In Part 1 of this article, I defined process metrics and contribution metrics, explained the difference between them, and identified the most-common measures in each category. In part 2, we'll explore the key actionable insights determined from those metrics and how to best employ them.
There are many approaches to using email-campaign metrics to measure and improve marketing performance. The following are the top five approaches I recommend, along with appropriate measures and usable insights for each.
1. Message or Campaign Diagnostics
This approach measures the performance of a single email message or campaign (which may be a series of messages). It answers basic questions, such as "Was the message successfully delivered?" and "Did we meet our campaign goals?" and allows you to gather the performance statistics necessary for benchmarking the message or campaign against past or future ones. It also helps you identify issues that may be causing reduced email delivery and higher-than-usual unsubscribes or complaints.
Metrics: This approach relies primarily on process metrics, such as the open rate, click-through rate, bounce rate, spam-complaint rate, delivery rate, engagement rate (length of time on landing page, conversions), and unsubscribe rate.
Actionable insights:
- Gauge how the subject line is performing (open rate)
- Measure effectiveness of targeting, offer link strategy and creative (click-through)

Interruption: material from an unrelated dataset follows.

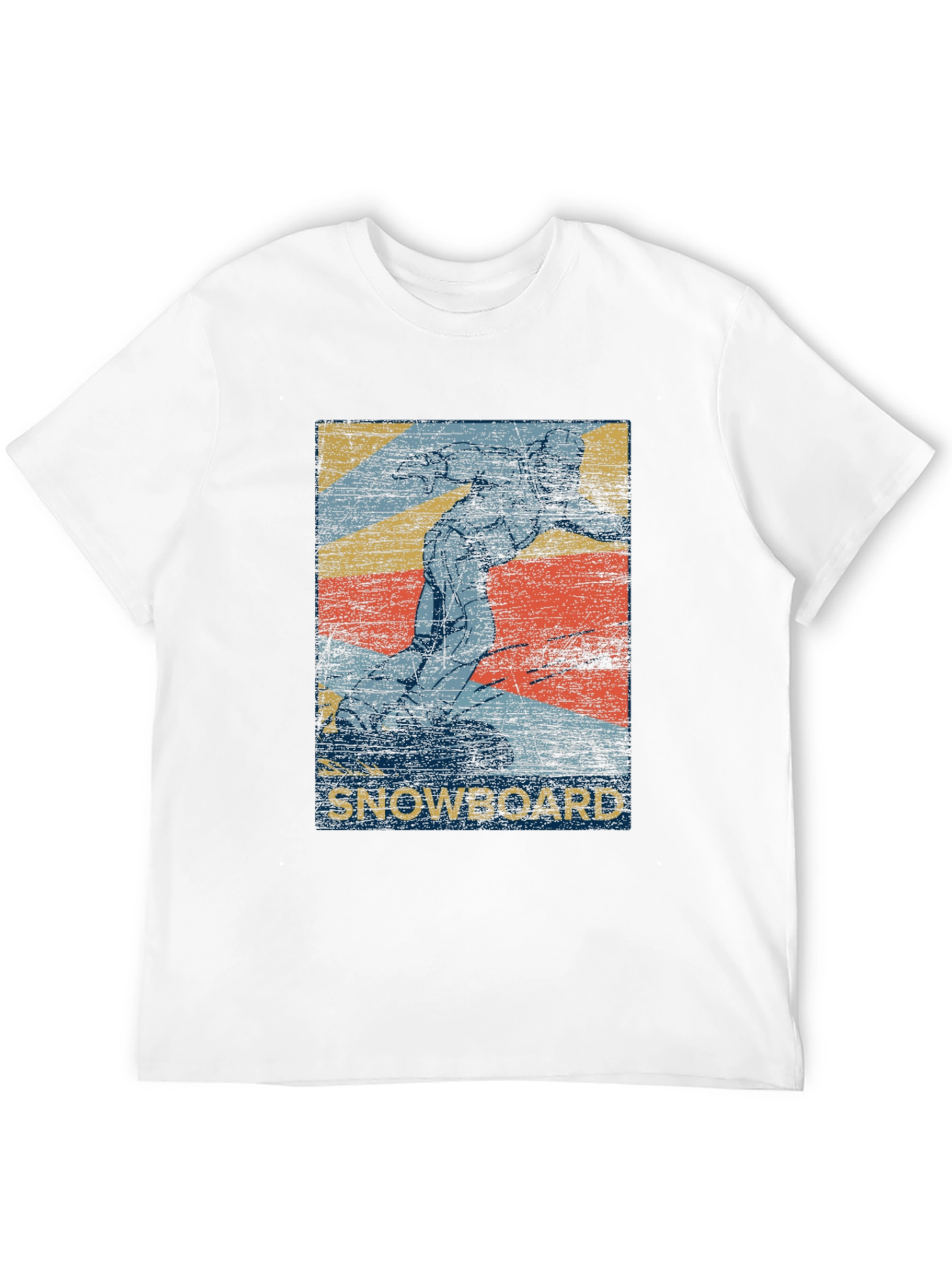 Black Vintage Snowboard Graphic T-Shirt - Black view 12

- Determine effectiveness of email vs. landing-page content (click-through rate, conversion rate, click-to-conversion ratio)
- Monitor deliverability
- Determine overall relevance (unsubscribe and complaint rates)

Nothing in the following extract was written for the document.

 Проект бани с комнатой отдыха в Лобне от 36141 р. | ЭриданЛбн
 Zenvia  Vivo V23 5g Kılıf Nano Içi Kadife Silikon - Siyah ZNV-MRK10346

2. Post-Campaign Response Analysis
This approach analyzes audience behavior by unique segmentation scheme, such as by demographics, geography, past buying behavior (RFM, or recency, frequency, monetary), past email engagement, source of name, or time on list. After a message or campaign is run, it views response by segmented audience group.
For example, analysis by time on list might reveal that established members (those who signed up more than six months ago) have higher click-through rates on average than newer members (those who signed up within the last six months), creating an opportunity for different email frequency to different list segments. You can test an onboarding campaign to new members as a way to increase engagement and conversion. Or you might find that analysis by age indicates that twentysomethings are more responsive than thirtysomethings, allowing for greater positioning of offers and creative to the younger group.

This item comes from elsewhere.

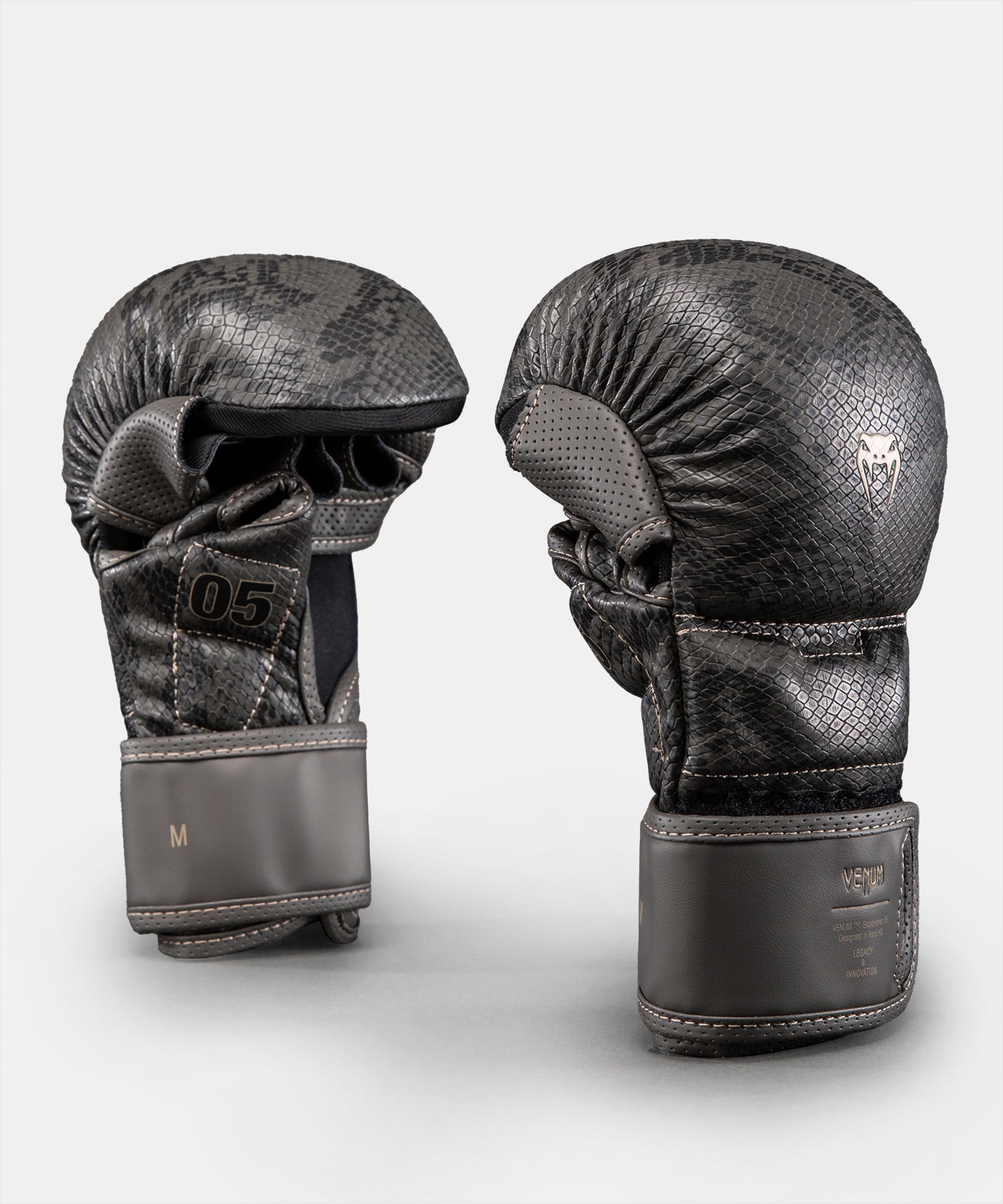 Gants de sparring MMA Midnight Fury Venum - Noir/Gris/Argent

Metrics: This approach also primarily uses process metrics, such as the open rate, click-through rate, conversion rate, forward/share rate, etc.
Actionable insights:
- Understand how demographic or geographic differences affect response
- Improve targeting and segmentation on future campaigns
- Test offers, creative, or frequency to improve response on less-active list segments
- Develop or test frequency strategies
3. Longitudinal Audience Engagement Analysis
It's great to have a process-metrics report for each message or campaign, but you'll also want to know how segments of your list respond from a process-metrics standpoint over longer periods of time.
Such an analysis relies on measuring cumulative actions by the responder (opens, clicks, conversions) during defined time periods (usually quarterly or annually) to uncover both best responders and inactive list segments for reactivation or culling.
Metrics: Like the previous two approaches, this one uses process metrics such as the open rate, click-through rate, conversion rate, and forward/share rate but views them from individual-subscriber perspective rather than a campaign perspective. Essentially, it requires subscriber email interaction (i.e., a response history) to be present in your database.